Sometimes you get to the point of frustration, that you just become silent.
At last, I decided to read the source code for dd-agent(Datadog agent), where I found something fascinating. Before explaining the issue and solution, I would like to explain the working of dd-agent.
The diagram shows the black box architecture of dd-agent. In the diagram:-
- The collector is responsible for gathering system and application metrics from the machine.
- The forwarder is responsible for buffering and communicating with Datadog HQ over SSL.
- dogstatsd is responsible for aggregating local metrics sent from your code.
The issue was that for the dogstreamer if there are many values per second for a metric, Datadog takes the median without considering the
tags attached. This resulted in the loss of lots of data which was not acceptable for this kind of metric where each and every line of a log was very precious and hence our dogstreamer broke.
Now to quickly fix this issue, I implemented a hack where we were using the complete pipeline of Dogstreamer, i.e., to tail and parse the logs but to submit the final data we used dogstatsd. The key feature of dogstatsd is that it submits all the data it gets. And that’s how we resolved this issue.
As a programmer, I like challenges. This bug is a challenge that I would call life’s favorite - because it involved every stage of development. I learned how to believe in my code, how to approach a problem and a lot of techniques. By the end of this period, I had completed alerting. I had also started writing documentation.
There are no words to describe the happiness and joy you feel when you finally see your code in production. Yes, everything that I built or wrote was in production. My whole team was using it. Now I was in my final stage to complete the documentation.
Weeks 10: Wrapping up
As much as I didn’t want it to happen, my last week had come. While you would imagine it as the most hectic part of my internship, it really was the most relaxed one, to be honest. Most of my work was done or going through some final (code) reviews, writing documentation so I thankfully didn’t have as much on my plate as the weeks before.
And that was it, my internship was over.
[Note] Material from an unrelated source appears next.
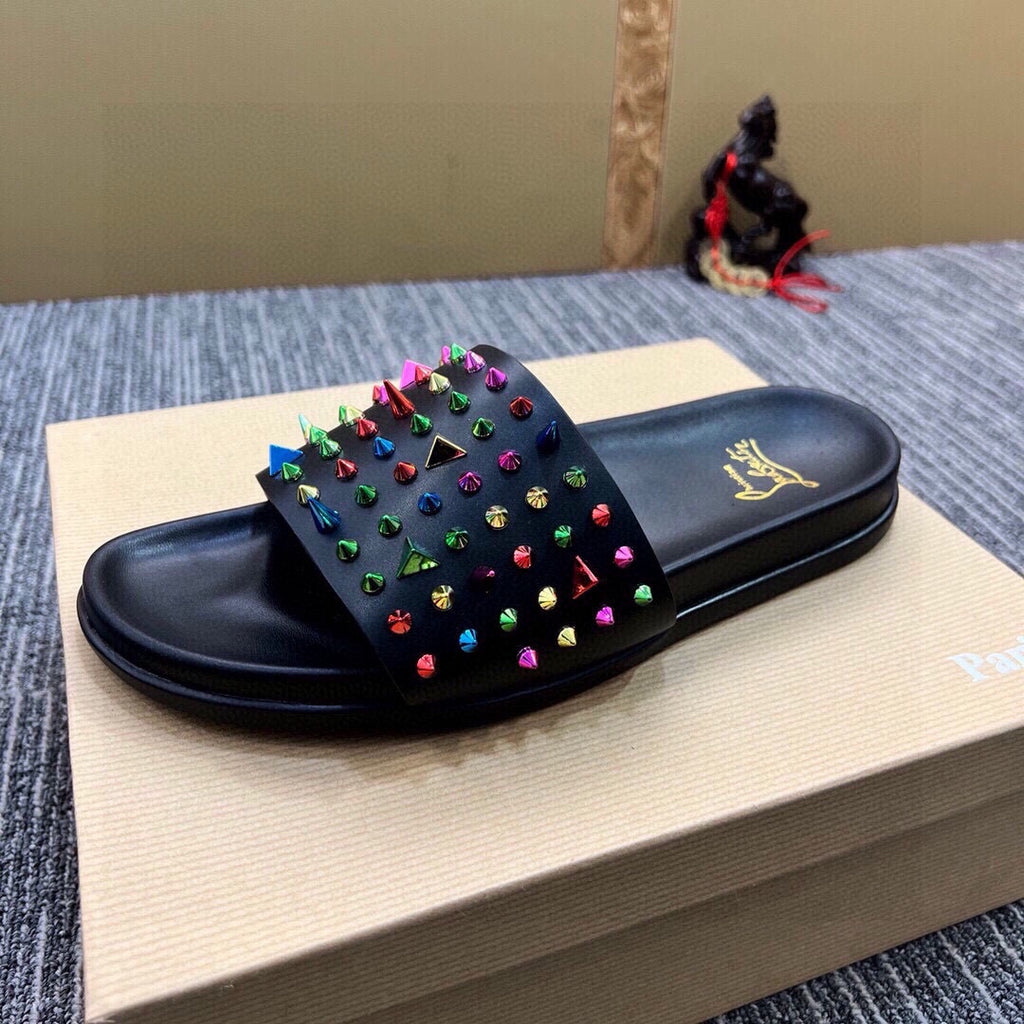 54A126Z Popular slippers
I was sad about leaving my team and the Kayako life, but very happy that all the late nights and early mornings paid off in the form of seeing my work in production. On my last day, my team got me a delicious cake and gave me a very sweet farewell card.
Life at Kayako
So far I was just talking about work, you must have been bored by now, right? Now if you are reading this blog and you are about to join Kayako, let me tell me you something that may cheer you up. So what’s so cool about Kayako?
Where do we begin? From an amazing cafeteria with a fridge loaded with all kinds of beverages, and a great arrangement for the meals to unlimited paid leaves, to my favourite pastime, playing Mortal combat on the PS4. The list goes on and on for the incredible perks that Kayako offers its employees.
Kayako offers complete freedom to its employees including unlimited paid leaves, flexible work timings, unrestricted internet and much more.
The office digs and culture
I would describe the work setting and culture as, “a fantastic work environment, and a culture that allows you to be yourself.” If you like fast-paced work environments and opportunities to grow (among all the other awesome perks the company offers) then add Kayako to your list of dream companies to work for.
The interesting part of this project is that it never ends. You will always be adding new matrices, tweaking existing, tuning threshold values for alerting, adding new features for filtering and the list goes on and on.
The most important part of my project was its flexibility and diversity. No extra effort was needed to add more hosts to existing matrices. Chef, Datadog and our implementation took cares of everything. It was the most interesting project which I’ve ever worked on.
No matter what happens next, I want to say thank you to everyone at Kayako who made those two and half months the most exciting part of my life.